**Problem**. Repeat the data as given. Images do not go in the copy.

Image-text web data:

= = = = =

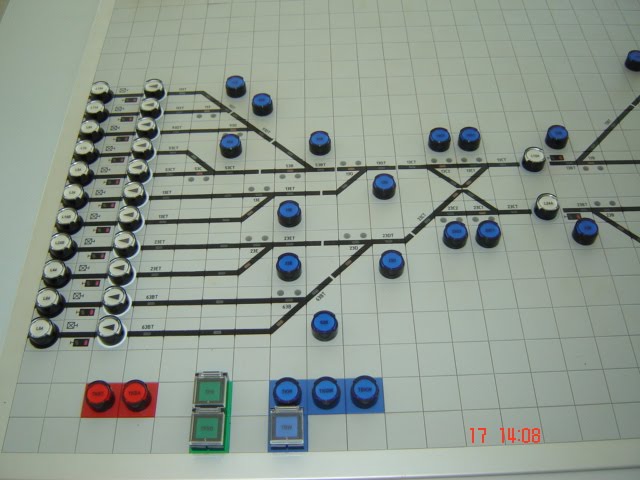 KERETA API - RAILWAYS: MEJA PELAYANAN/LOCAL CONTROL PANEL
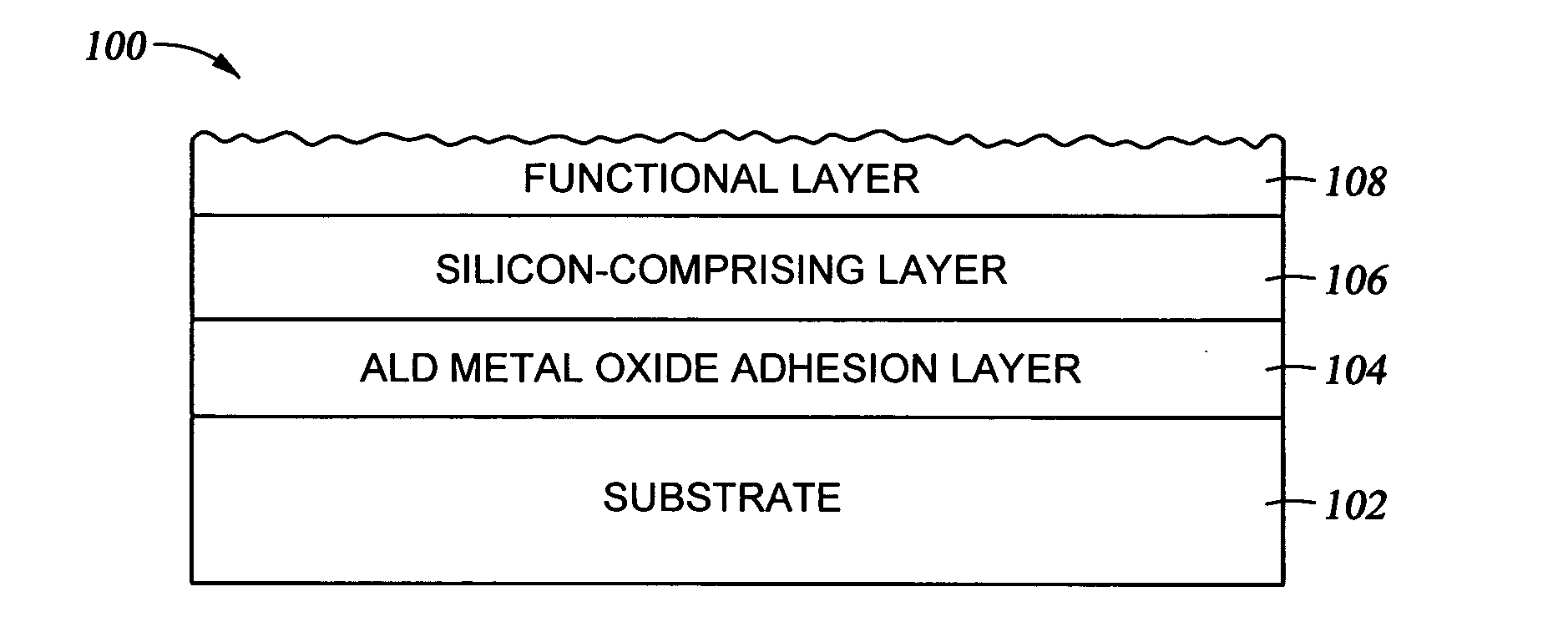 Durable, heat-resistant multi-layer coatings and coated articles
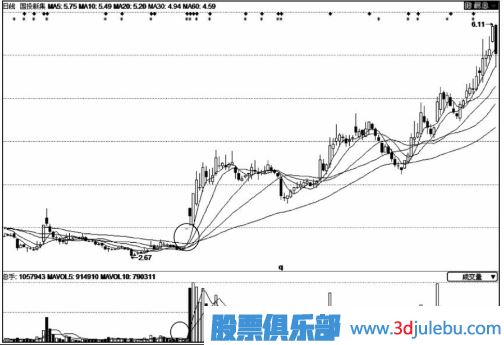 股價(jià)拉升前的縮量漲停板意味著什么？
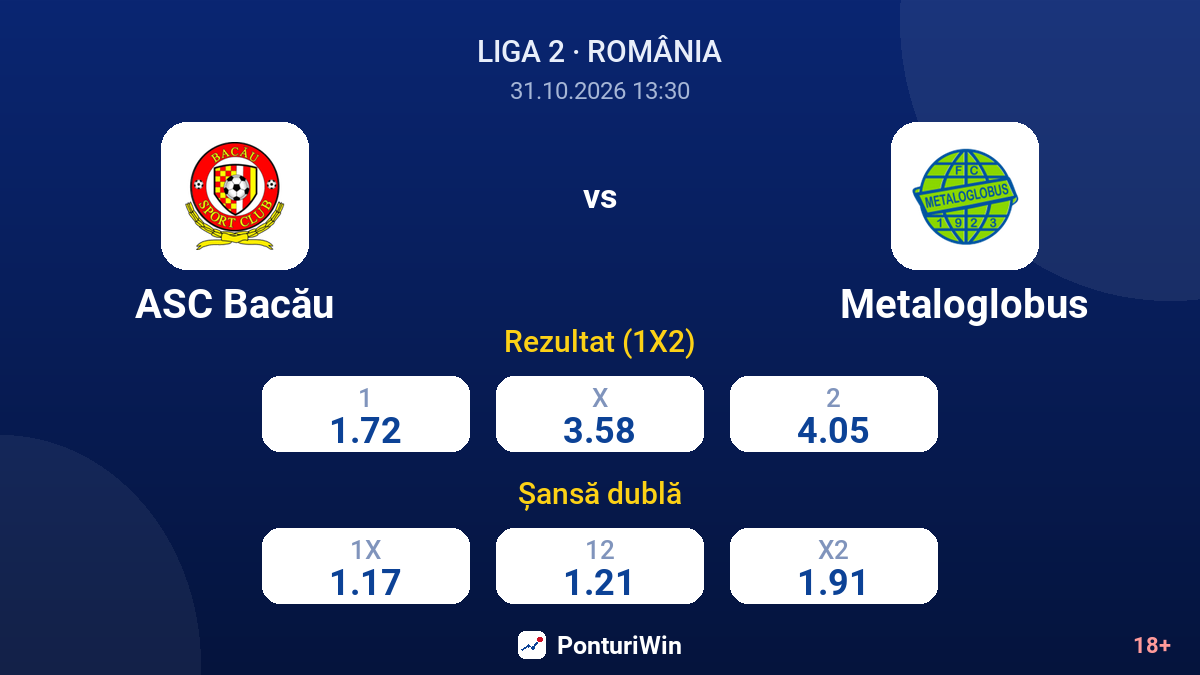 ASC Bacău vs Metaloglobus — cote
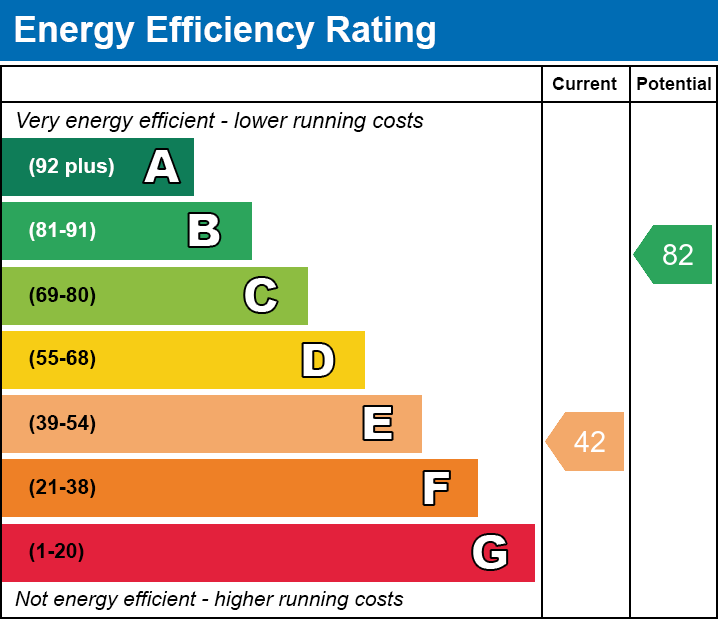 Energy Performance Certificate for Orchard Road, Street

= = = = =

**Answer section**.
 KERETA API - RAILWAYS: MEJA PELAYANAN/LOCAL CONTROL PANEL
 Durable, heat-resistant multi-layer coatings and coated articles
 股價(jià)拉升前的縮量漲停板意味著什么？
 ASC Bacău vs Metaloglobus — cote
 Energy Performance Certificate for Orchard Road, Street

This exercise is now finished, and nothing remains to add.